Known as Lunar Effects on Agricultural Flora (LEAF), the project will collect plant growth and development data that will help scientists understand the use of plants grown for both human nutrition and life support on the Moon and beyond.

Slated for a September 2026 launch, the consortium of partners who will pioneer this initiative includes a core group from the Australian Research Council Centre of Excellence in Plants for Space (P4S), headquartered at the University of Adelaide.

The project is led by Space Lab Technologies and involves the University of Adelaide, La Trobe University, and NASA Kennedy Space Center, all P4S partners, as well as the United States Department of Agriculture, University of Colorado Boulder, and Purdue University, with additional analysis to be conducted by the P4S node at the University of Western Australia.

“This research will be a pivotal step toward understanding how we might use agriculture in space to support human crews, paving the way for sustained lunar exploration and even missions to Mars,” said Project Lead and Space Lab Vice President, Christine Escobar.

Associate Professor of Plant Synthetic Biology at the University of Adelaide and P4S Chief Investigator, Jenny Mortimer, said the mission will tell us how plants respond in an off-Earth environment, and how well we can build a robust, fully contained environment that allows them to thrive.

“The data we capture from the mission, both from the lunar surface and what we learn when we analyse the samples upon return, will help us to design the lunar and Martian crops of the future,” Associate Professor Mortimer said.

Professor Mathew Lewsey, of P4S and the La Trobe Institute for Sustainable Agriculture and Food, said the LEAF investigation would provide information about how plants could grow in extreme conditions.

“The seeds we send to the Moon will germinate in an enclosed capsule, which we will be monitoring through a remote camera,” Professor Lewsey said.

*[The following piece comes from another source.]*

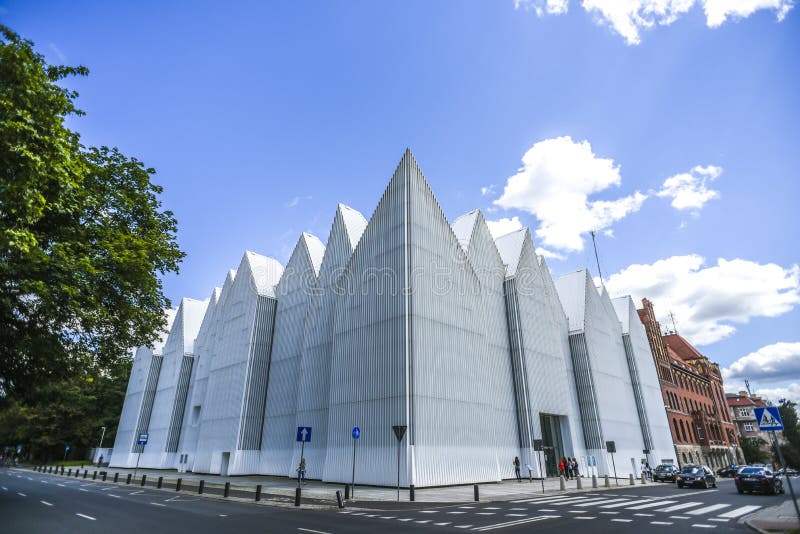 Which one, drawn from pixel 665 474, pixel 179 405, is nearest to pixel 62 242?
pixel 179 405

“Our team of scientists will collect data on the plants as they grow on the moon, monitoring their size and morphology, then conduct genetic and metabolic analyses of individual cells when the plants return to Earth.

“We can then apply this knowledge to improve plant resilience to radiation and other environmental challenges.”

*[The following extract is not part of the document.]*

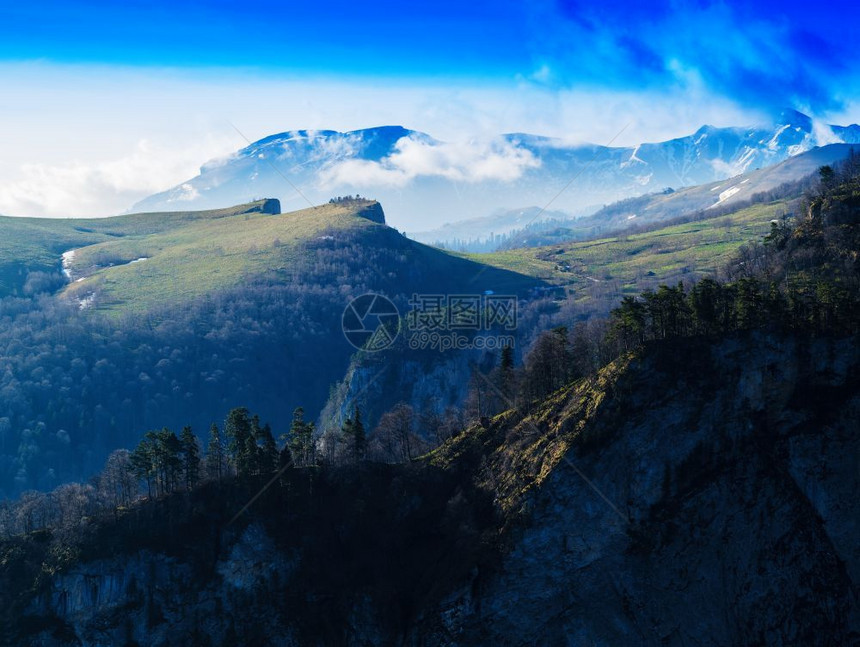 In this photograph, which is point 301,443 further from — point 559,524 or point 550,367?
point 559,524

The LEAF experiment includes a plant growth chamber with an isolated atmosphere, housing red and green varieties of Brassica rapa (Wisconsin Fast Plants®), Wolffia (duckweed), and Arabidopsis thaliana.

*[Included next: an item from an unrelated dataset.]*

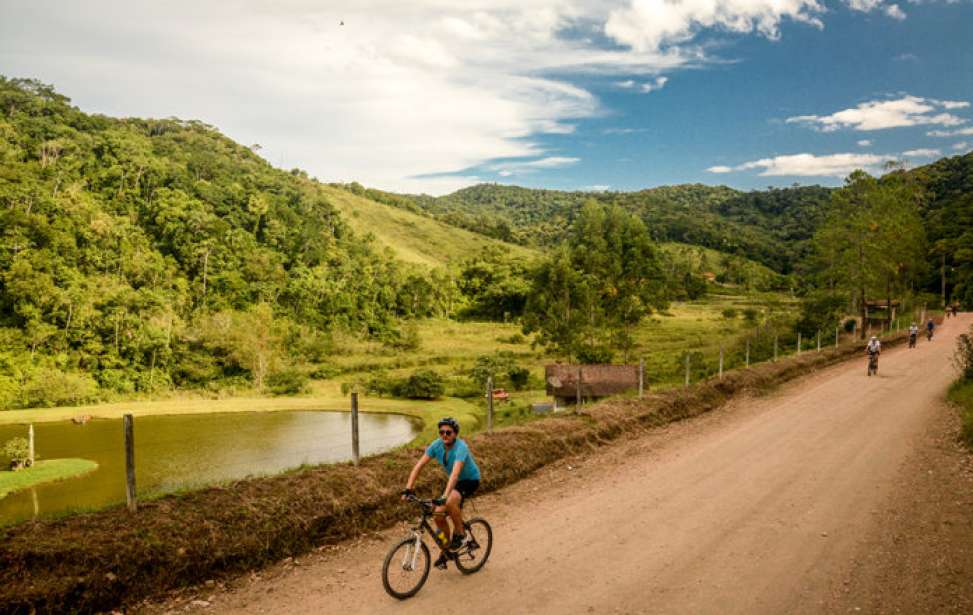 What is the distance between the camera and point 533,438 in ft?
47.6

Experiments undertaken as part of the LEAF program will progress P4S goals to develop novel plant-based foods and biomanufacturing technologies that assist humans to explore deeper into space than ever before, while also advancing on-Earth sustainability and efficiency.

“LEAF has been made possible by bringing together world-leading skillsets in engineering, plant science, molecular analysis, and space logistics – it is a perfect representation of what P4S is here to do, to assist in delivering a new frontier for humanity,” said P4S Director and University of Adelaide Professor, Matthew Gilliham.

“The learnings and technologies we gain by growing plants in a completely closed loop, as we must do in space, will provide new options for improving sustainable plant production and processing here on Earth.”

Head of the Australian Space Agency, Enrico Palermo, said the selection of Plants for Space involvement in Artemis is a major vote of confidence in Australia’s space sector.

“This is another example of the cutting-edge space research and innovation happening in Australia, and the demand there is for us to contribute to generation-defining international missions,” Mr Palermo said.

“Importantly too, the technologies and practices developed as part of Plants for Space will improve life on Earth and benefit all Australians by addressing challenges like food security and water scarcity.”

LEAF is one of three science instruments so far announced selected for development for deployment on the Moon’s surface as part of NASA’s Artemis III mission, all of which will be set up near the lunar South Pole.

The other two are a Lunar Environment Monitoring Station, a compact, autonomous seismometer suite designed to carry out continuous, long-term monitoring of ‘moonquakes’; and the Lunar Dielectric Analyzer, which will measure the regolith’s ability to propagate an electric field, a key parameter in the search for lunar volatiles, especially ice.